### DIRECTIONS
In the answer, each line must appear exactly as in the records, and no picture may appear.
(Beginning of EXERCISE DATA)
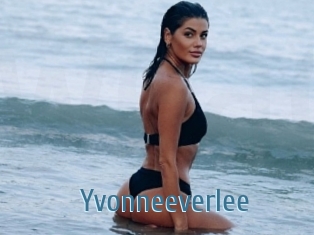 Yvonneeverlee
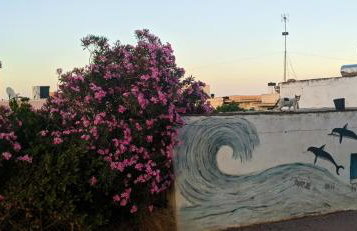 Knossos Sunrise - Foto 25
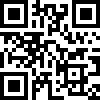 https://icana.ir/x45DF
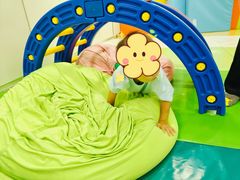 -全优加早教·托育(光大花园校区)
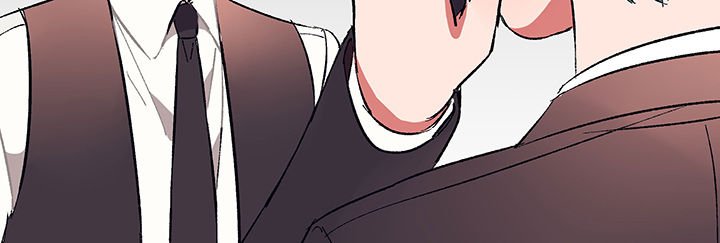 第27章：终于可以与你独处1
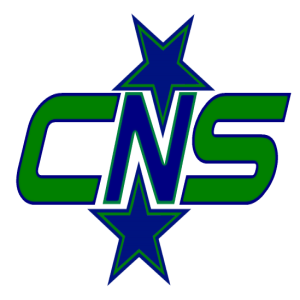 CNS Championship Special - Dan Tortora with Jeremiah Willis & Conner Hayes of the Cicero-North Syracuse Northstars
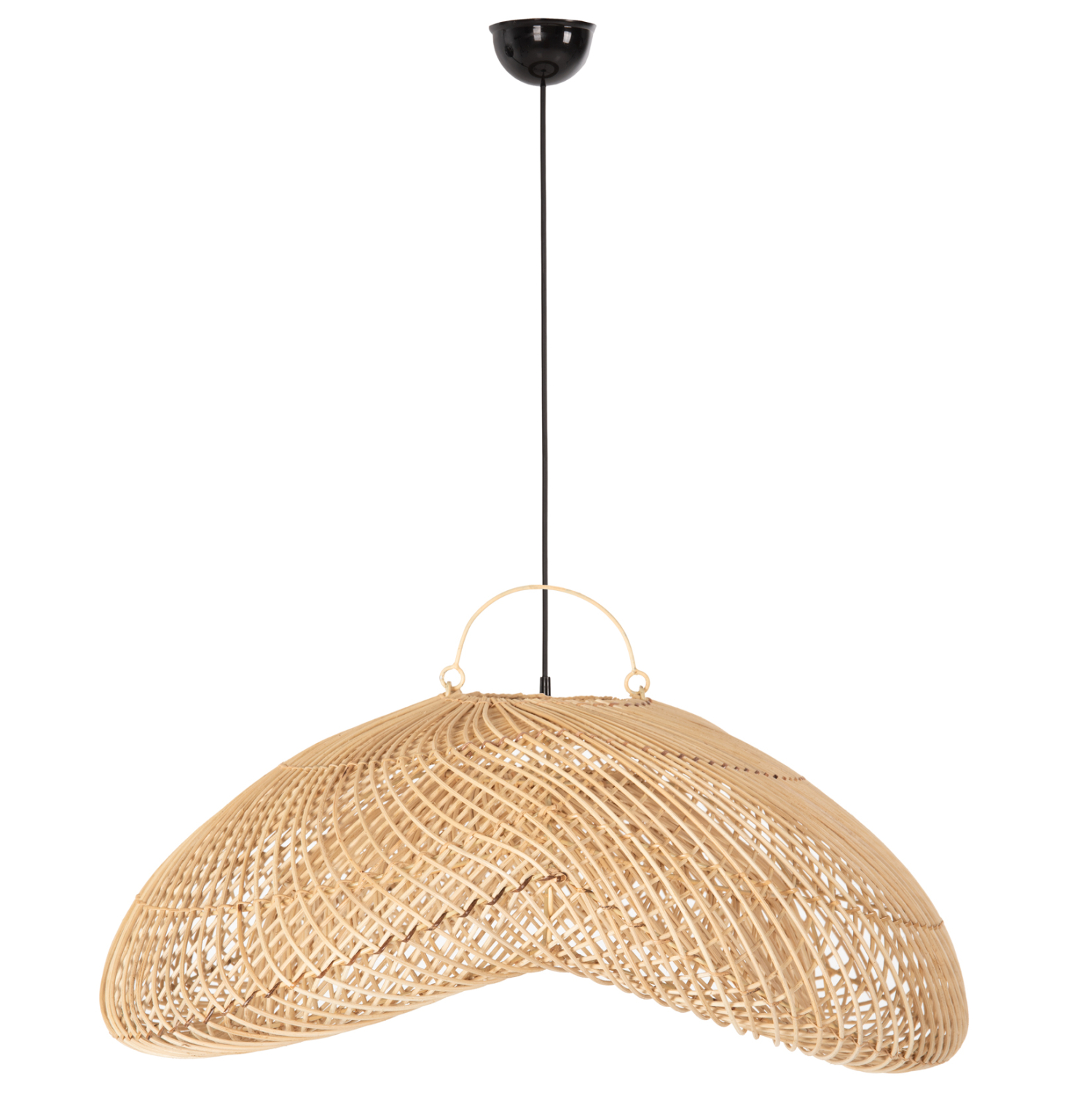 fotistiko-orofis-kremasto-fb97861-rattan-2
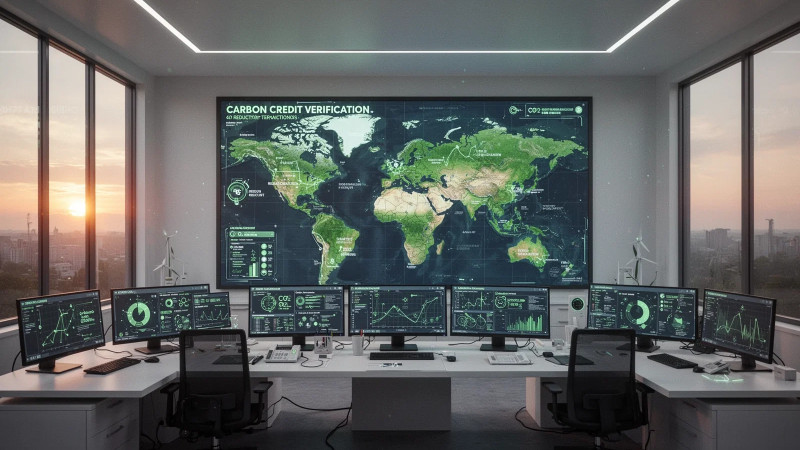 Beitragsbild zu Dovu: Zukunftsorientierte Investments!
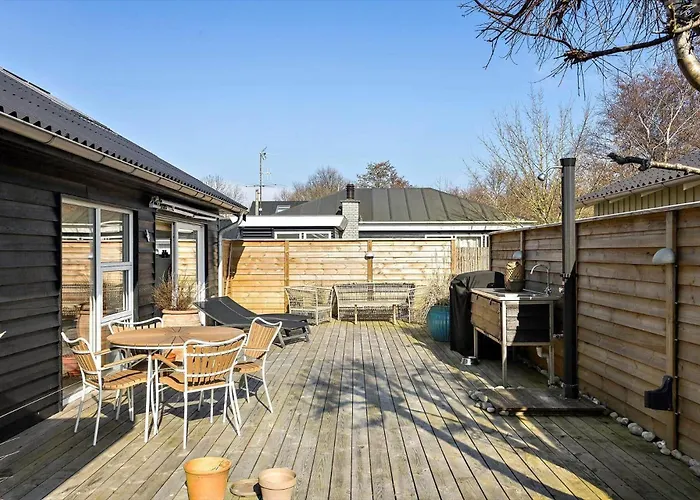 Ll255-rudkobing-hybenvaenget-12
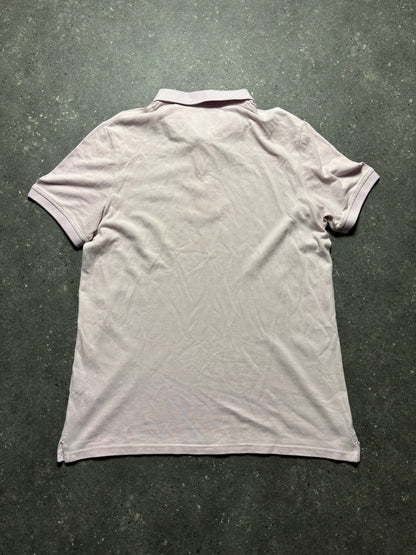 Lyle & Scott Polo (XL)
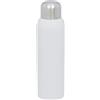 Borraccia in acciaio inox riciclato personalizzata Guzzle 820 ml personalizzate o neutre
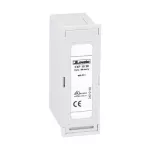 EXP1030 Moduł rozszerzeń. Pamięć, zegar czasu rzeczywistego z podtrzymaniem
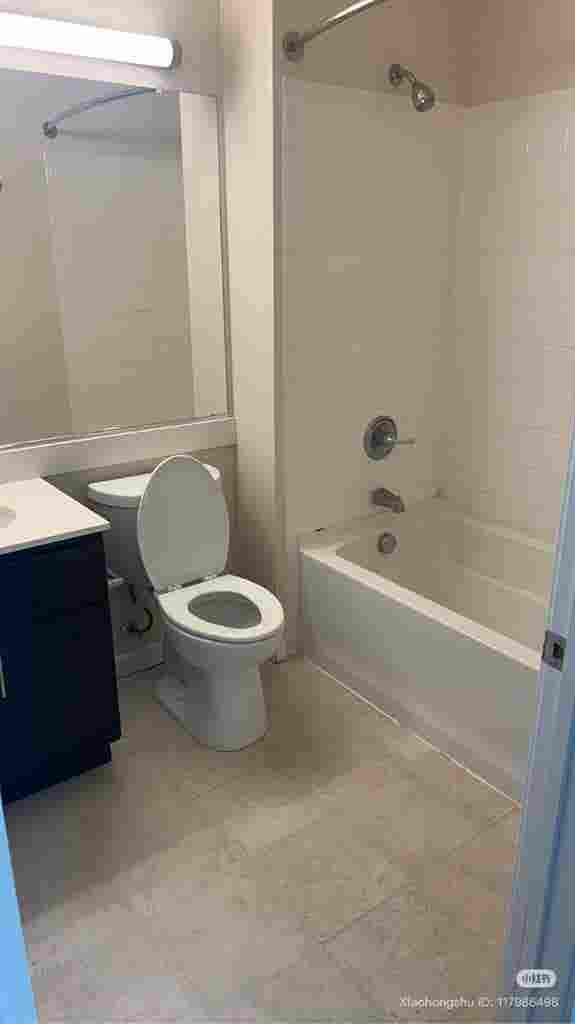 Sol at west village single room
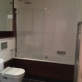 711 Witham Wharf Brayford Street Lincoln LN5 7DL Thumbnail Image 5 - King and Co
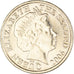 Monnaie, Jersey, 5 Pence, 2006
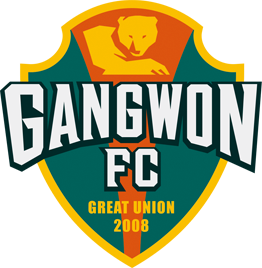 https://img.ganzhoujuxin.com/img/football/team/771a93ae7f62b1a47a71c3d62b89dca3.png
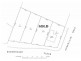 Lot 1/107 Somerville Road, Hornsby Heights NSW 2077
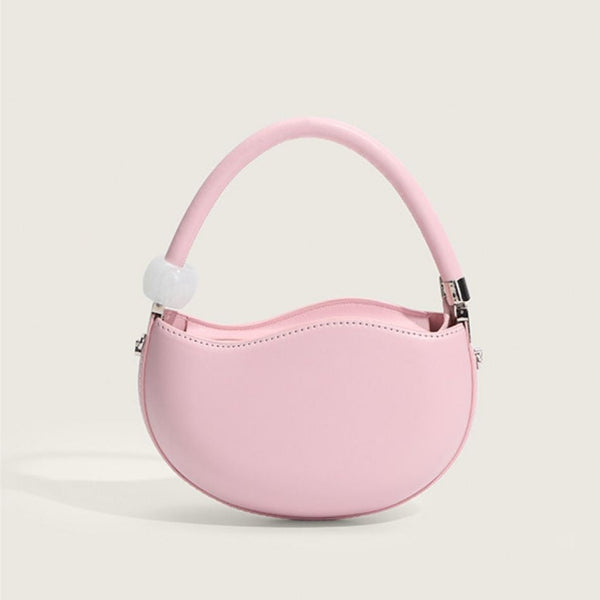 FREE SOLDIER Women PU Leather Handbag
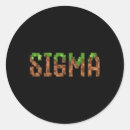 Search for 8bit video games stickers Unlocked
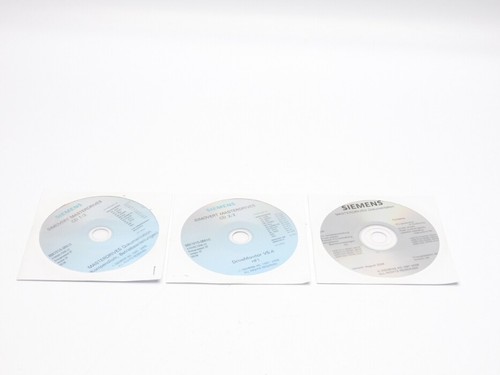 Siemens 6sx7010 0fa10 nsnp - siemens,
(End of EXERCISE DATA)
### YOUR SOLUTION
 Yvonneeverlee
 Knossos Sunrise - Foto 25
 https://icana.ir/x45DF
 -全优加早教·托育(光大花园校区)
 第27章：终于可以与你独处1
 CNS Championship Special - Dan Tortora with Jeremiah Willis & Conner Hayes of the Cicero-North Syracuse Northstars
 fotistiko-orofis-kremasto-fb97861-rattan-2
 Beitragsbild zu Dovu: Zukunftsorientierte Investments!
 Ll255-rudkobing-hybenvaenget-12
 Lyle & Scott Polo (XL)
 Borraccia in acciaio inox riciclato personalizzata Guzzle 820 ml personalizzate o neutre
 EXP1030 Moduł rozszerzeń. Pamięć, zegar czasu rzeczywistego z podtrzymaniem
 Sol at west village single room
 711 Witham Wharf Brayford Street Lincoln LN5 7DL Thumbnail Image 5 - King and Co
 Monnaie, Jersey, 5 Pence, 2006
 https://img.ganzhoujuxin.com/img/football/team/771a93ae7f62b1a47a71c3d62b89dca3.png
 Lot 1/107 Somerville Road, Hornsby Heights NSW 2077
 FREE SOLDIER Women PU Leather Handbag
 Search for 8bit video games stickers Unlocked
 Siemens 6sx7010 0fa10 nsnp - siemens,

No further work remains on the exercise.